合図したかのように部下の四人が立ち上がってアルムの坊ちゃんとベネッタの嬢ちゃんを囲むように動く。
勿論ただの冗談だ。他国の旅ってのは華やかな事ばかりじゃあない。こういう恐い目に合う事だってあるのだからしっかり警戒心をもつことが大切だってのを教えてやるだけのつもりだった。
そう、そのはず……だったんだ。
「……」
「……」
急に、その場の空気が変わったのを肌で感じた。
穏やかだった空気は一気に重苦しく、夜風に針が混ぜられたかのように肌を刺す。
目の前の二人から、この五日間全く感じなかったプレッシャーが突然噴き出した。
「なるほど、そういう事か。一度も刺客が襲ってこない道中、毎回の食事に酒盛りで距離を詰めて……か。演技には見えなかったんだが……これは俺のミスだな」
ゆらりとアルムの坊ちゃんが立ち上がる。先程までの好青年の姿はどこにも無かった。
その眼光に含まれているものを俺達は知っていた。山賊時代に味わったような獣の殺気。いやそれ以上の圧。
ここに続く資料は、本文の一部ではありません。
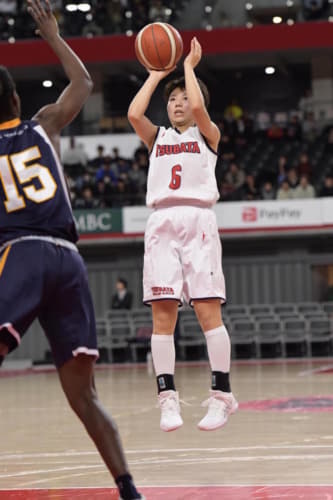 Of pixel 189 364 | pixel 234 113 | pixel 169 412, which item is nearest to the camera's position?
pixel 169 412

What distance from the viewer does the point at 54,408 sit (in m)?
11.3

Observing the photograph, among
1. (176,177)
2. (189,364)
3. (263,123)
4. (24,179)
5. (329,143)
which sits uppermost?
(24,179)

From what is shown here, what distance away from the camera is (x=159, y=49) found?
237 inches

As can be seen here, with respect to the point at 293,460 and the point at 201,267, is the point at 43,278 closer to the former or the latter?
the point at 201,267

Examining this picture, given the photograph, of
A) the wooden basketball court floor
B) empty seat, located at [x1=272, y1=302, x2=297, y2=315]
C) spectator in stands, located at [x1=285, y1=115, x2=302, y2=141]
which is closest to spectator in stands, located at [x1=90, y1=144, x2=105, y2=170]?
spectator in stands, located at [x1=285, y1=115, x2=302, y2=141]

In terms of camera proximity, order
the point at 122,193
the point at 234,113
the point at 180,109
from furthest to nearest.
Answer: the point at 234,113
the point at 122,193
the point at 180,109

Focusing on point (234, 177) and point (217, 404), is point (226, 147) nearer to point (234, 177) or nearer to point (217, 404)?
point (234, 177)

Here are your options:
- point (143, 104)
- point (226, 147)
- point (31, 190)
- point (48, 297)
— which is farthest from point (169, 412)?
point (226, 147)

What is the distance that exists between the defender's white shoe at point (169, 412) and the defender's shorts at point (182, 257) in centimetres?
59

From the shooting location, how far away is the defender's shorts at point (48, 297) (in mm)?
4180

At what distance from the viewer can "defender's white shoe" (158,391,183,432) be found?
5.66 meters

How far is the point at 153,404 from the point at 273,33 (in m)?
15.8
見た目は一切変わっていない。ただその視線と表情が冷酷なものに変わっていた。
「料理と酒に毒でも混ぜてたか? 残念だが俺とベネッタにそこらの毒は通じない」
「ボクの右と左後ろの二人は少しだけど魔力があるからボクが受け持つよアルムくん……どうするー? やっちゃう? 拘束?」
杖をついてベネッタの嬢ちゃんも立ち上がる。こっちからも同じような圧を感じた。
ああ、ようやくわかった。この二人はただ者じゃない。
さっきまで見せていたのが素なのは間違いない。フレンドリーでお人好しな青年と盲目である事を感じさせない明るい美女。
だが今見せているこっちの側面もまた二人の素……恐らくは何度も修羅場を潜った猛者の表情が俺のおふざけがきっかけで露わとなった。
「生かすのは一人でいいだろう。どの家と繋がってるかだけ聞き出したい」
「そうだねー……残念だなー、せっかく仲良くなれたと思ったのに」
――やばい!
俺だけでなく部下も感じ取っておろおろしていた。いつまで続けるんだこれと心の声が聞こえてくる。
「『幻獣――」
「【魔眼の――」
「すいませんでしたああああああああああ!!」
俺は常世ノ国からの客に教えて貰った土下座を繰り出す。
俺達にとってはおふざけだったが、二人にとってはおふざけですませられる話ではなかったらしい。
確実に迫っていた命の窮地をこの土下座に託す。少なくとも、何かを唱えかけていた二人の声は止まった。
「脅かして申し訳ない! ただのジョーク! ジョークのつもりで! この五日で打ち解けたと思って調子に乗ってしまいまして! 全然刺客でもなんでもないのでどうか許してくだせえ!!」
「……」
「……」
必死の懇願だったが二人はまだ疑ってるのか無言だった。
今考えれば当然かもしれない。つい身内のおふざけのノリをぶつけてしまったが……本当に刺客を向けられている二人からすればジョークですませていいのか疑問が残るだろう。
少なくとも、自分を見ているその視線には確実な疑念があった。
「おいお前らも頭下げろ! 身内の悪ノリ駄目絶対!」
俺がもう一度土下座をすると部下の四人も同じように土下座を繰り出す。完璧な姿勢だ。
「俺達は乗り気じゃなかったのにボスのアホが!」
「昨日なんか脅かしてやろうみたいな話してたんすよ! あいつですあのカスが悪いです!」
「うちのボスまじで馬鹿なんすよ! ほんとすいません!」
「あのゴミボスはどうでもいいんで俺達だけは許してください! 後出来れば領主様に報告は勘弁してください!」
「お前達ちょっと言い過ぎじゃない!? そんな思い切り俺の事売らなくても!」
アルムの坊ちゃんとベネッタの嬢ちゃんはぽかんとした顔をしたかと思うと、アルムの坊ちゃんは何かに気付いたように手を叩いた。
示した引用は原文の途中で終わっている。